Predicting the histologic response of tumor during NCT may be a better option than doing so after completion of NCT in the clinic because the latter is too late to modify the NCT regimen. In 2012, Im et al. found that SUVmax after 1 cycle of NCT can also predict the histologic response with an accuracy of 92.9% using a cutoff of 3.2 (37). This result was reproduced by Byun et al. in 2014 (41) and Davis et al. in 2018 (38). Metabolic–volumetric parameters of PET, such as metabolic tumor volume (MTV) and total lesion glycolysis (TLG, the product of tumor segmented SUVmean and MTV), during and after the NCT also showed predictive value for histologic response (36,37,41). Byun et al. reported that SUVmax, MTV, and TLG after 1 cycle of NCT could predict histologic response, but tumor volume assessed by MRI could not (41). Among PET parameters, SUVmax could be a better choice than metabolic–volumetric parameters because MTV and TLG measurements depend on the PET tumor segmentation methods, which are not standardized (42). Also, SUVmax during NCT performed similarly to MTV and TLG in predicting the histologic response (area under the curve, 0.956 for all parameters) (37). Because the level of water molecule diffusion can be changed according to the cellularity of the primary lesion, diffusion-weighted MRI can be used to predict the histologic response of osteosarcoma; thus, combining PET and diffusion-weighted MRI may be an effective method to predict the histologic response (35).

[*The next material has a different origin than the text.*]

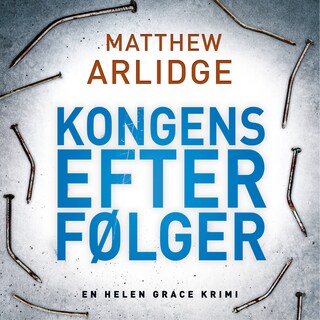 Kongens efterfølger lydbog
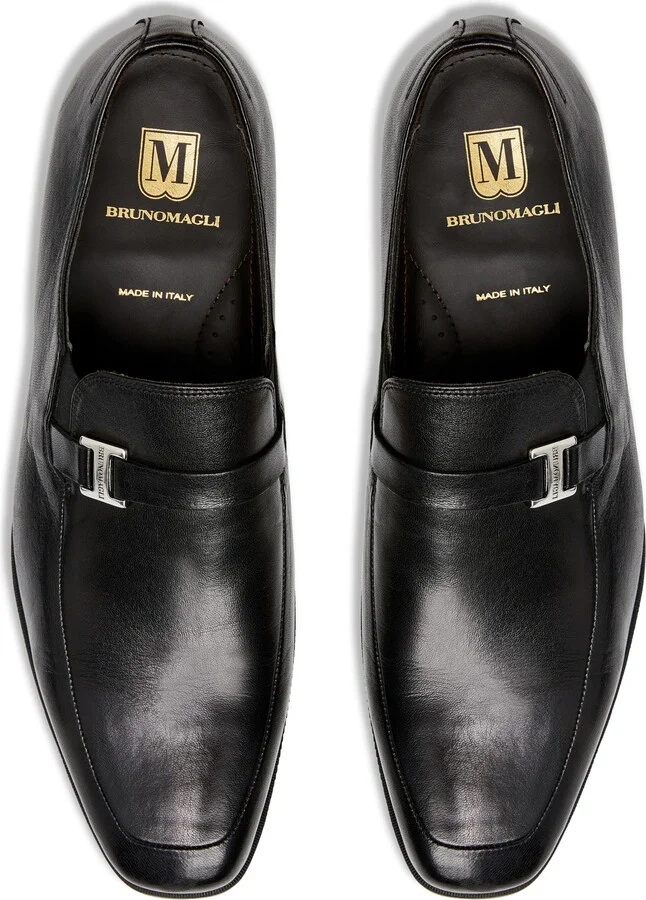 Pivetto Leather Buckle Leather - Image 5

Furthermore, predicting tumor histologic response using the baseline PET/CT has been attempted. Byun et al. used dual-phase (i.e., dual-time point) baseline PET/CT obtained at 60 and 120 min after 18F-FDG injection (43), finding that the mean retention index at baseline PET/CT was predictive of histologic response, with a moderate accuracy of 71% (Supplemental Fig. 3). However, Im et al. reported that although conventional parameters of baseline PET/CT could not predict histologic response, kurtosis and skewness among histogram-based parameters could, with areas under the curve of 0.718 and 0.714, respectively. The predictive value could be enhanced using a machine learning algorithm (area under the curve, 0.821), but the predictive values of texture features depended on the type of segmentation method and machine learning algorithm (44). Altogether, more evidence is needed to prove that baseline PET/CT is predictive of histologic response after NCT.
PREDICTION OF OUTCOMES
Prognostic Factors
Tumor site, size, primary metastases, response to chemotherapy, and surgical remission are the reported independent prognostic factors in osteosarcoma (3). Osteosarcoma arising in pelvic or axial bones has a worse prognosis than that of disease in extremity bones, with pelvic osteosarcoma having reported 5-y OS rates of 27%–47% (45). Osteosarcoma arising in the spine has an even worse prognosis, with a median survival time of 10–23 mo (46). Tumor stage is also prognostic. In the Musculoskeletal Tumor Society’s Enneking system, stage IA showed an almost 100% 5-y survival rate, yet IIB showed a 5-y survival rate of only 40% (47). Among patients with metastases, those with only lung metastases have a more favorable prognosis than do those with extrapulmonary lesions (5-y OS rate, 38% vs. 10.9%) (3). The presence of skip metastasis is associated with a poor prognosis (48). Being younger than 40 y is a good prognostic factor (5-y survival rate, 65.1% vs. 55.0%) (3). In the literature, the most reliable cutoff differentiating favorable from unfavorable response to chemotherapy is 90% necrosis, with greater than 90% necrosis considered favorable (31). Prognostic factors can be applied differently according to age. Response to chemotherapy is applied as a prognostic factor in pediatric patients but not in adult patients (49). Meanwhile, pathologic fracture was associated with poor prognosis in adult patients but not in pediatric patients (50).
Role of 18F-FDG PET/CT
Evaluations of the prognostic value of PET/CT parameters are summarized in Table 4. In 2009, Costelloe et al. was the first to report that SUVmax and TLG, both at baseline and after NCT, could predict progression-free survival and OS (51). Hawkins et al. reported that an SUVmax of over 2.5 after NCT is associated with worse progression-free survival (33). Byun et al. also reported that baseline MTV and TLG could predict metastasis-free survival (52). However, Bailly et al.’s tests of multiple baseline PET/CT parameters for predicting prognosis indicated that only the elongation feature, a type of shape feature, was significantly associated with progression-free survival and OS (53). The elongation feature is the ratio of the longer and shorter edges of the smallest rectangle that encloses the measured region. An elongation factor of 1 indicates maximum symmetry. Most PET/CT parameters were not prognostic in the study, and the parameters were used as continuous variables only. However, the previous studies found that the dichotomized PET/CT parameters are prognostic (53). We reported that most of the dichotomized PET/CT parameters, including SUVmax, SUVpeak, MTV, and TLG at baseline, during, and after NCT, are predictive of event-free survival and OS (Supplemental Fig. 4). Furthermore, we found that the parameters were predictive of event-free survival and OS even after adjustment for the histologic response and initial staging (54).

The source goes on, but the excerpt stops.